| Alyran |
There don't appear to be any stat modifiers. There are a few things I've found it affect: cover (I think), what you can mount, whose unconscious/prone body you can share a space with (only your size or smaller), whose space you can move through (small can move through huge enemy spaces/medium through gargantuan).
| Alyran |
Could you elaborate re: cover?
Characters your size or larger tend to provide "Lesser Cover" giving a bonus to AC against ranged or reach attacks. It obviously depends on line of sight and GM adjudication (if you're higher than both, the targets probably won't have cover). I'm probably remembering the specifics wrong, but that's the gist of it. It's very similar to the rules for soft cover in PF1.
| David knott 242 |
Small character weigh half as their medium counterparts if you need to get carried. And certain feats and actions are restricted by size category-- mostly combat maneuvers. If you want to shove people around you probably want to be medium, but otherwise being small seems to a bit safer.
Small characters are half the height of medium characters, not half the weight. Since the core rulebook is vague about the average weights of the Small ancestries, I would not go as far as the mathematical extrapolation of them weighing only one eighth of what a medium character of twice their height would weigh, but anything above that would have to be reflected in a stockier build.
| Captain Morgan |
Captain Morgan wrote:Small character weigh half as their medium counterparts if you need to get carried. And certain feats and actions are restricted by size category-- mostly combat maneuvers. If you want to shove people around you probably want to be medium, but otherwise being small seems to a bit safer.Small characters are half the height of medium characters, not half the weight. Since the core rulebook is vague about the average weights of the Small ancestries, I would not go as far as the mathematical extrapolation of them weighing only one eighth of what a medium character of twice their height would weigh, but anything above that would have to be reflected in a stockier build.

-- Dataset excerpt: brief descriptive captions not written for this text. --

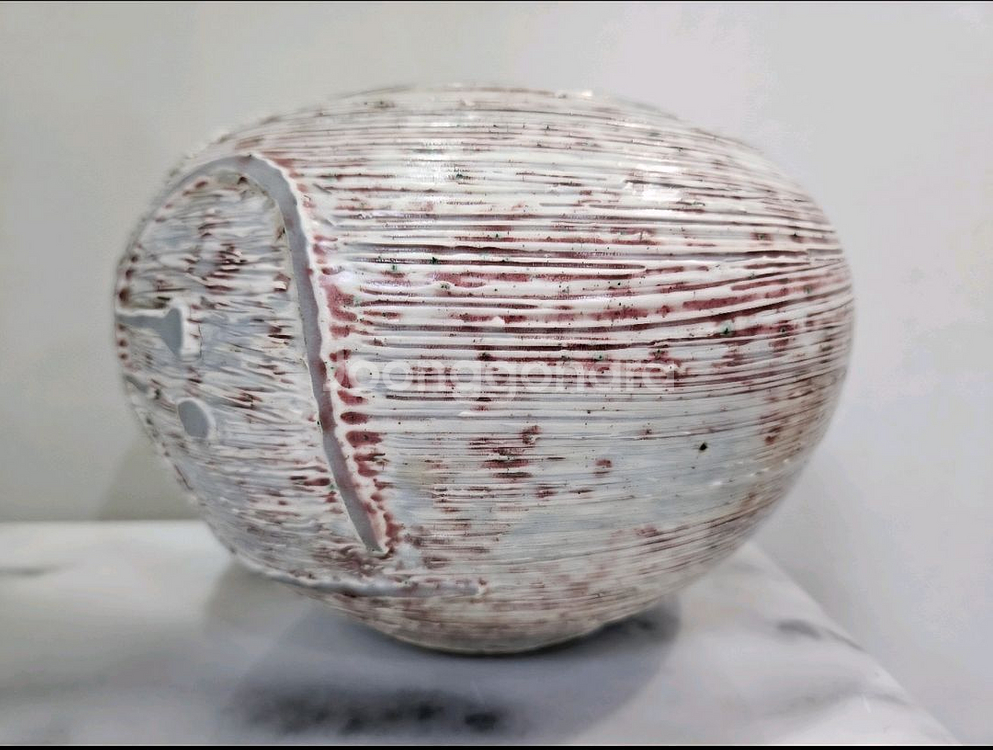 [새상품/ 현대 도예 작품] 도자기 꽃병--1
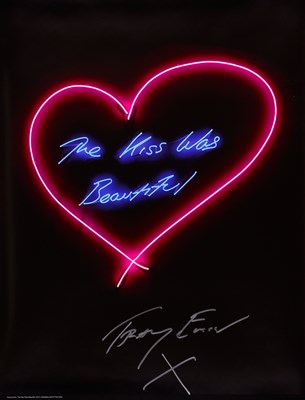 Lot 7 - Tracey Emin British, b. 1963 The Kiss was...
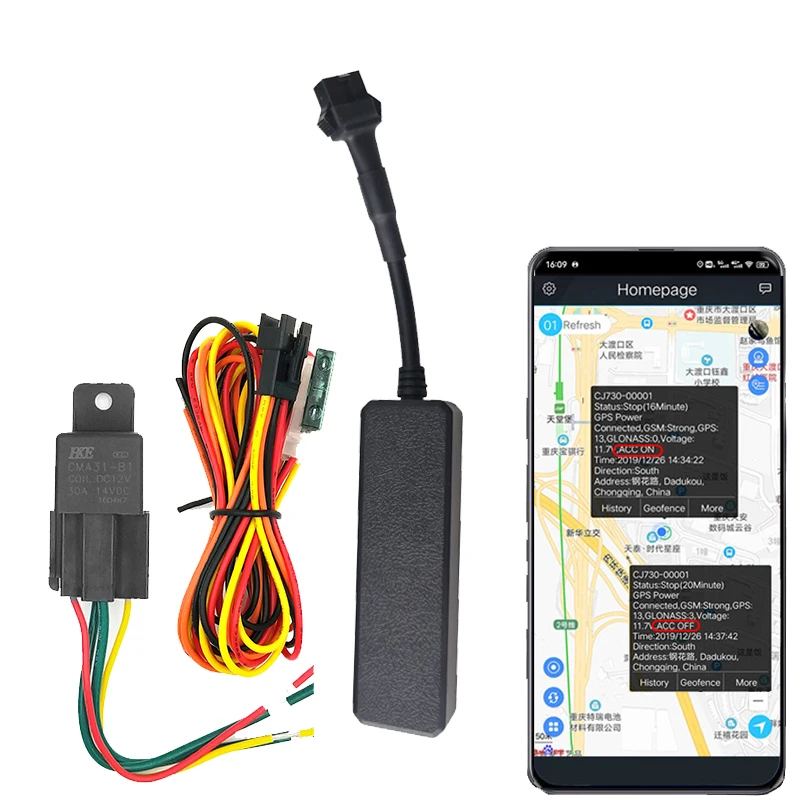 Smallest Vehicle GPS Tracker GT02A Mini GPS Tracking Device Micro Chip For Car Motorcycle Real Time Locator Free Platform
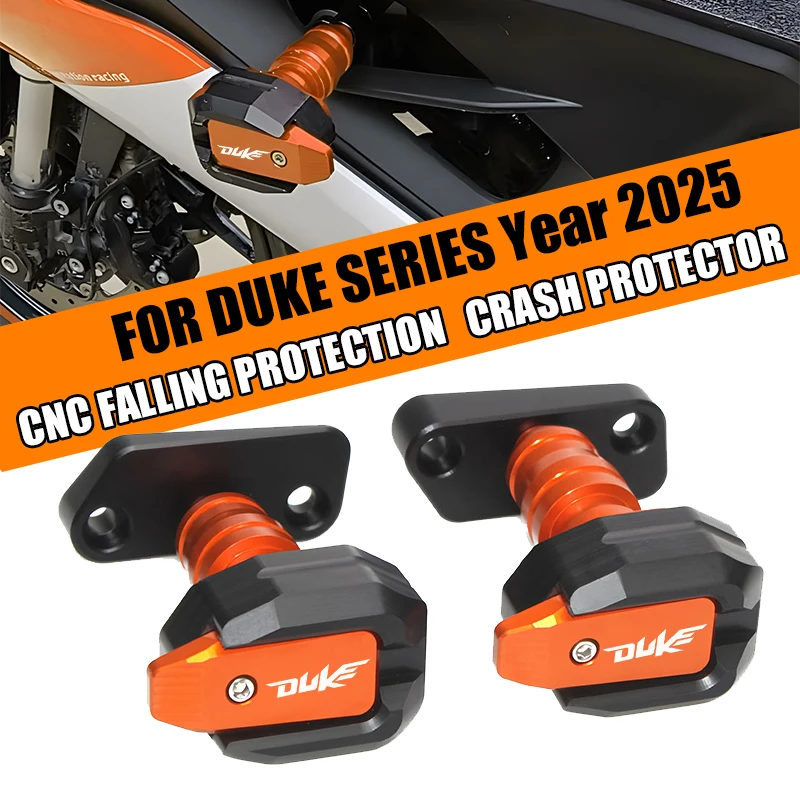 For KTM DUKE390 DUKE250 DUKE200 DUKE125 2025 125 200 250 390 Motorcycle Falling Protection Frame Slider Fairing Guard Crash Pad
For KTM DUKE390 DUKE250 DUKE200 DUKE125 2025 125 200 250 390 Motorcycle Falling Protection Frame Slider Fairing Guard Crash Pad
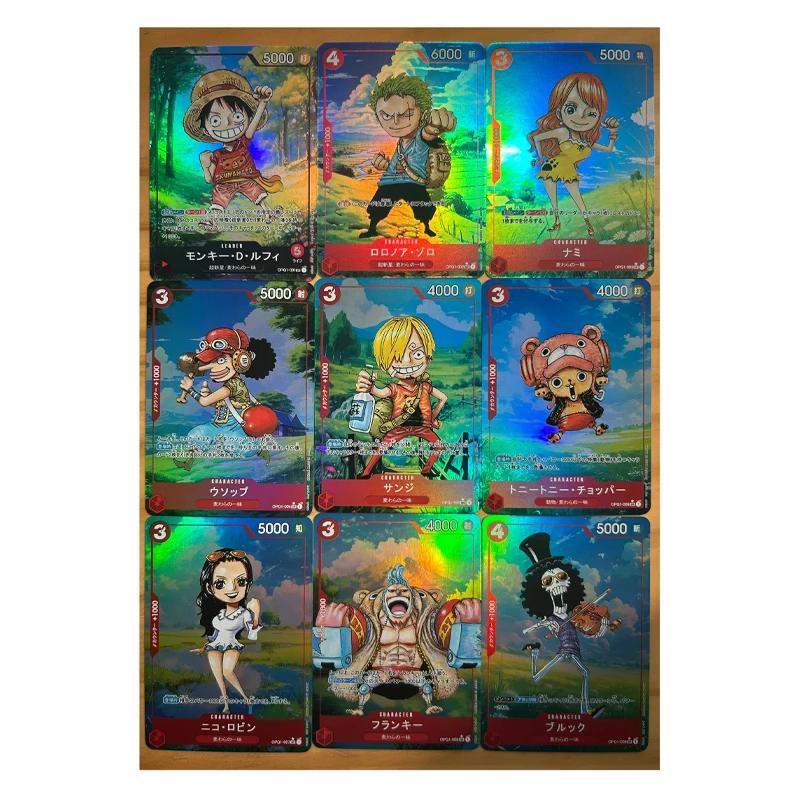 One Piece Diy Monkey Roronoa Zoro D Luffy Self Control Collect Signature Trading Flash Card Anime Cartoon Lovely Gift 63*88mm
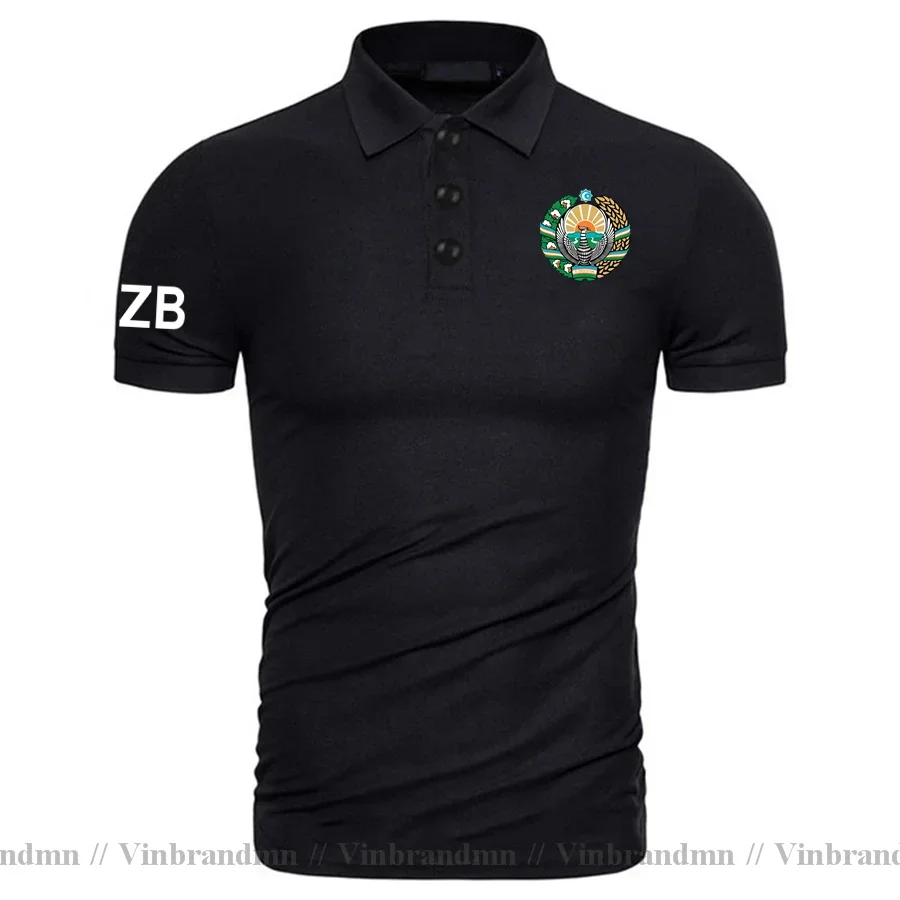 Uzbekistan Uzbekistani Polo Shirts Men New Fashion Brands Printed For Country 100% Cotton Shirt Nation Team Tops UZB O'zbekiston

The assumption is that a medium character is 6 bulk and a small character is 3. See the petrified condition.
have been turned to stone. You can’t act, nor can you sense anything. You become an object with a Bulk double your normal Bulk (typically 12 for a petrified Medium creature or 6 for a petrified Small creature),
People have had their bulk vastly discounted above the normal 5-10 pounds = 1 bulk formula so that you can actually carrying someone should the situation arise. Of note, this also seems to include their equipment, which is a little odd but probably for the best.
| David knott 242 |
I think the weight of a character corresponding to less bulk is simply a way for the rules to encourage you to carry your fellow party members out of danger while discouraging you from trying to carry large amounts of treasure. The 2:1 bulk ratio probably occurs for similar reasons, as it seems unlikely that a halfling is actually half the weight of a human.
| Midnight Anarch |
The 2:1 bulk ratio probably occurs for similar reasons, as it seems unlikely that a halfling is actually half the weight of a human.

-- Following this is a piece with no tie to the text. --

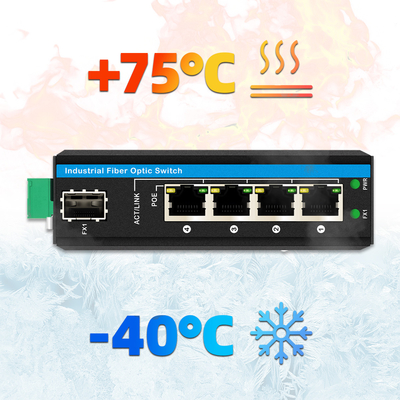 5 Port Gigabit Unmanaged POE Switch DC48-52V Stromversorgung Ethernet-Schalter für den Außenbereich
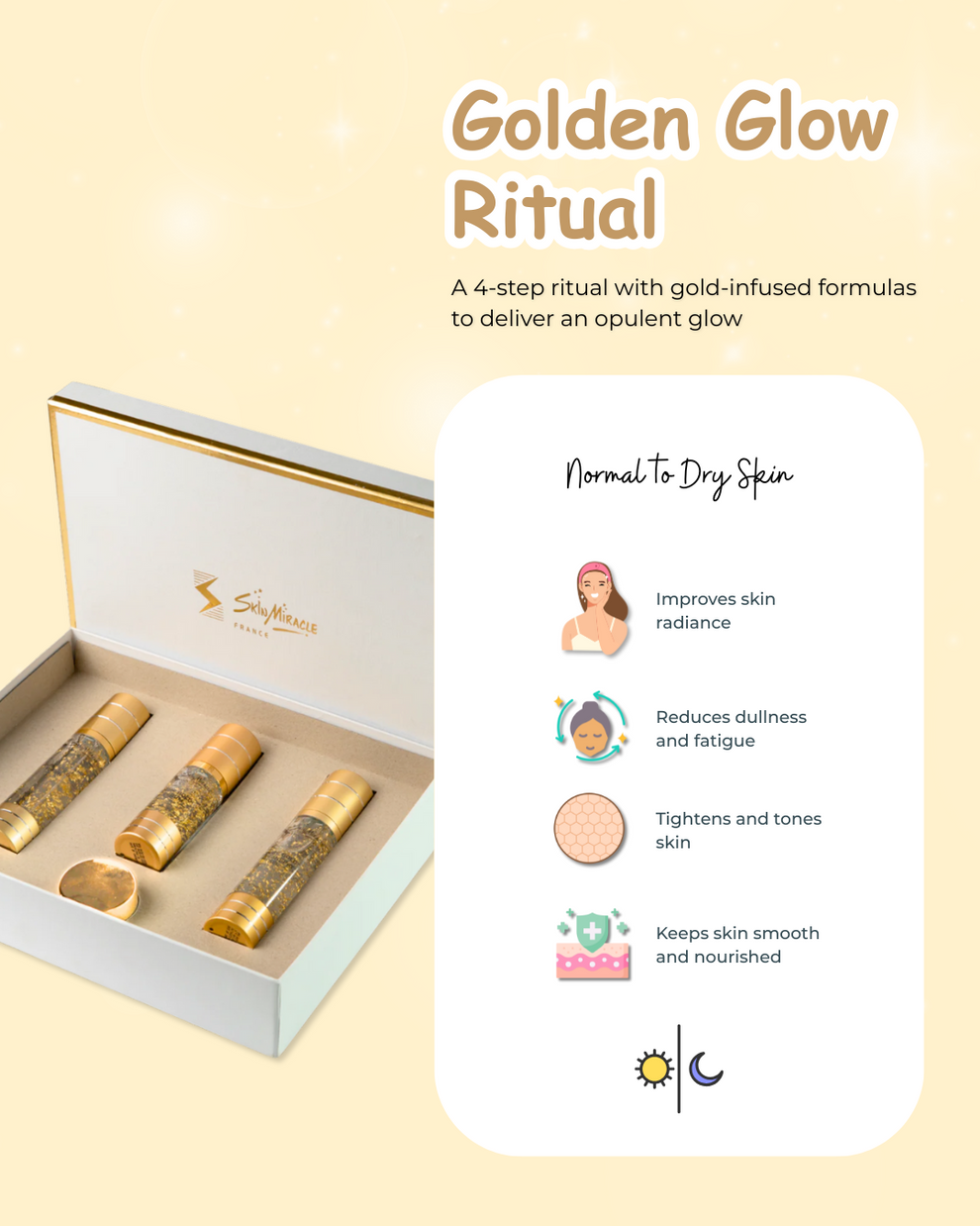 Glow Enhancing Ritual Cream Golden Glow Ritual – Skin Miracle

Based on what logic? The CRB states that halflings "rarely grow to be more than 3 feet in height" which is half that of a typical human. Why wouldn't they weigh/bulk half as much, too?

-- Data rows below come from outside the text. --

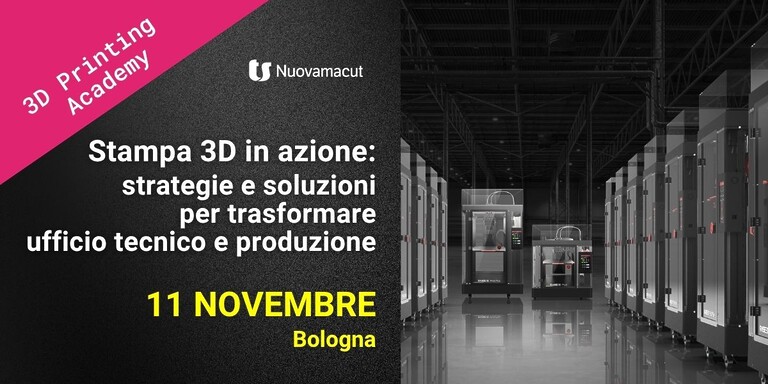 3Dprinting academy-evento stampa 3D in presenza a Bologna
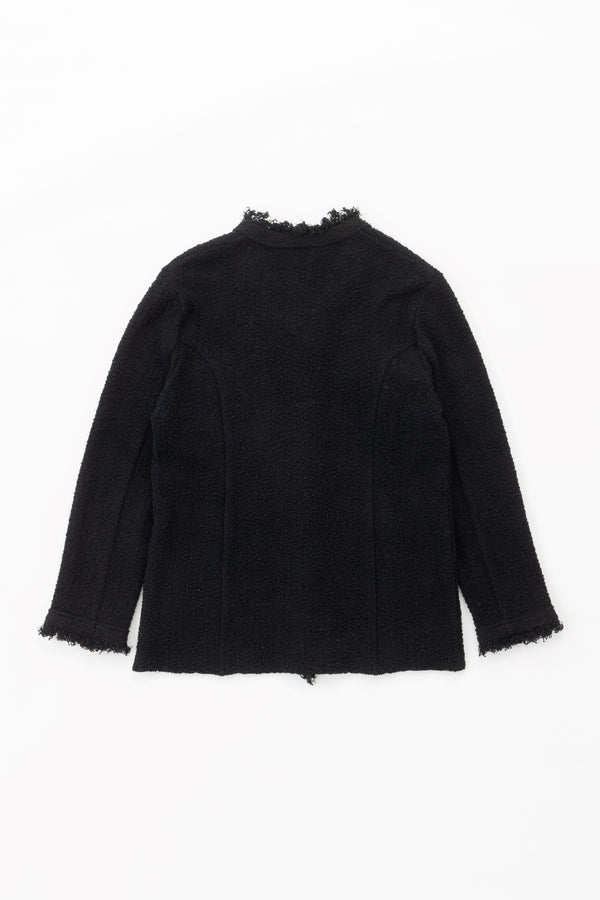 fringe jacket (Black)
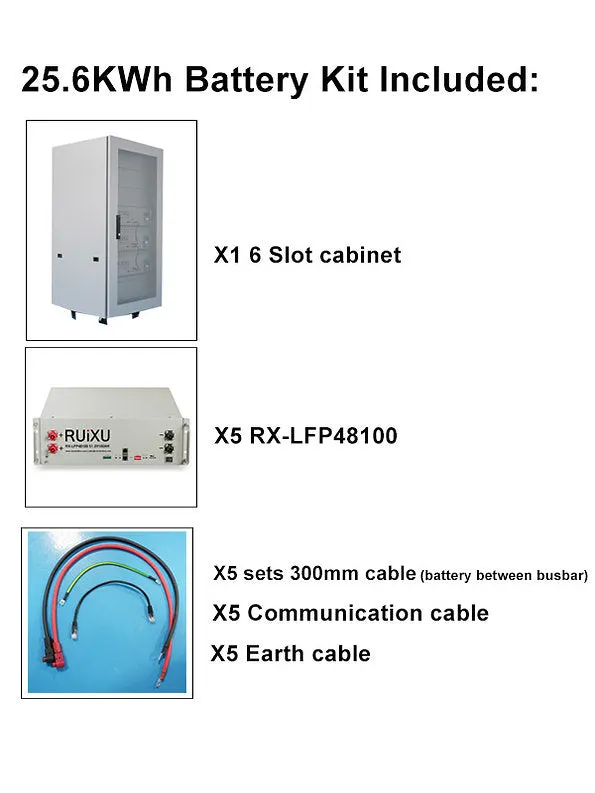 RUiXU Lithium Batteries Kits | 15kWH, 20kWH, 25kWH, 30kWH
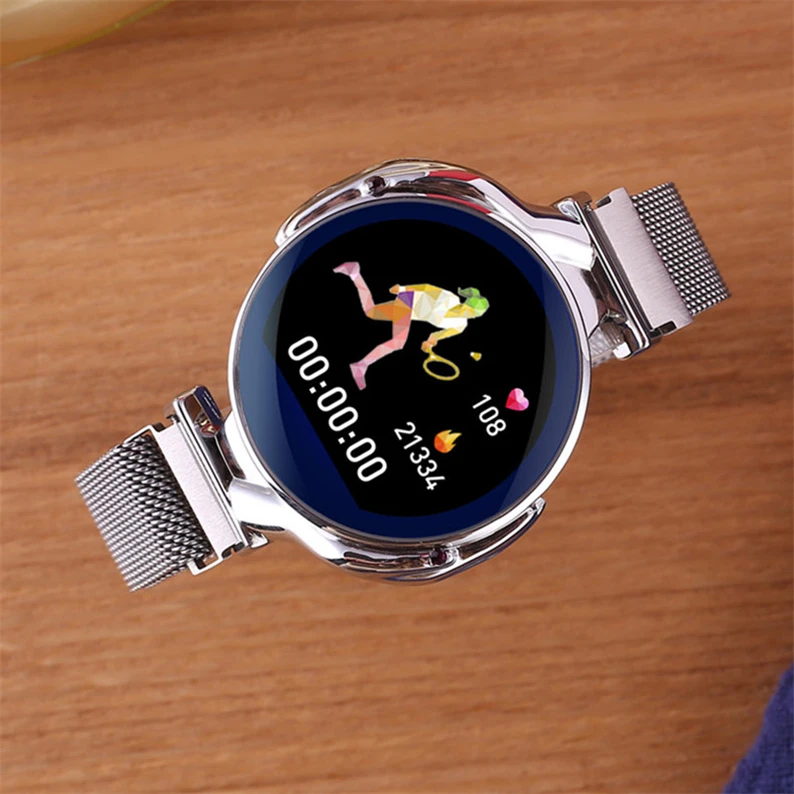 Новые Z38 Смарт-часы женские роскошные пульсометр кровяное давление SmartWatch фитнес-трекер спортивный умный Браслет pk H8 Z18 H1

(Real world data shows they would weigh even less than half, though that doesn't account for second breakfasts.)
| Blackest Sheep |
Based on what logic? The CRB states that halflings "rarely grow to be more than 3 feet in height" which is half that of a typical human. Why wouldn't they weigh/bulk half as much, too?
Bulk is an abstract measure, so that is whatever the designers deem feasible. But weight does not scale 1:1 with height. D&D 3e even had a table for the enlarge spell, while PF simply went with doubling size and multiplying weight by 8.
| Fumarole |
You don't just double someone's weight when you double their height, as they double in width as well. This means you cube the height ratio to find the weight ratio of enlarging someone. 2x the height = 8x the weight.
Andre the Giant was 88 inches tall and 540 pounds. Shrinking his height by half but maintaining the same ratio wouldn't make him 44 inches tall and 270 pounds. That would be a ridiculous height/weight ratio, not at all matching his full-size body.
This is why fantasy giants are quite unrealistic. To support so much mass their bone structure would have to be drastically different than it is for humans.